**Task item:**
Given the records below, would you repeat exactly the lines that begin at the one containing "Detail Gallery Image" and end at the one containing "Classic 2 Queen Beds (13 of 13)", inclusive?

Data excerpts
==*==

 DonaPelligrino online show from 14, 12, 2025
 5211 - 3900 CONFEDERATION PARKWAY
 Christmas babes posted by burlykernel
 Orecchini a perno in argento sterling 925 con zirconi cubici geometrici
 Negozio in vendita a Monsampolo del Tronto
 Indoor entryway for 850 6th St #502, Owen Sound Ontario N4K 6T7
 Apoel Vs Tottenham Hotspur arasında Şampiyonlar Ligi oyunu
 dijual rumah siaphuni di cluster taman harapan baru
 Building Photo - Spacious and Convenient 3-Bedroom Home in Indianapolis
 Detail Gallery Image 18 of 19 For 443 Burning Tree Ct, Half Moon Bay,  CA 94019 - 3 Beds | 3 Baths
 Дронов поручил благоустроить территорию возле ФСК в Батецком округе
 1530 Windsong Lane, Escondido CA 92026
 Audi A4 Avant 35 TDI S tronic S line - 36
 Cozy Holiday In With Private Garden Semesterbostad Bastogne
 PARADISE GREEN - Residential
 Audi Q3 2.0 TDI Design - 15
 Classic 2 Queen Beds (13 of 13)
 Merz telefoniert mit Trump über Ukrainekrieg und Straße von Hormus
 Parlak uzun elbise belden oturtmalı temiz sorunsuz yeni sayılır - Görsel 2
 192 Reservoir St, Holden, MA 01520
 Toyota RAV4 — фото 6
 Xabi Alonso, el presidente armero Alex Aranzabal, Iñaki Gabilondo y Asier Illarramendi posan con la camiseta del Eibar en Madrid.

==*==

**Result of this exercise:**
 Detail Gallery Image 18 of 19 For 443 Burning Tree Ct, Half Moon Bay,  CA 94019 - 3 Beds | 3 Baths
 Дронов поручил благоустроить территорию возле ФСК в Батецком округе
 1530 Windsong Lane, Escondido CA 92026
 Audi A4 Avant 35 TDI S tronic S line - 36
 Cozy Holiday In With Private Garden Semesterbostad Bastogne
 PARADISE GREEN - Residential
 Audi Q3 2.0 TDI Design - 15
 Classic 2 Queen Beds (13 of 13)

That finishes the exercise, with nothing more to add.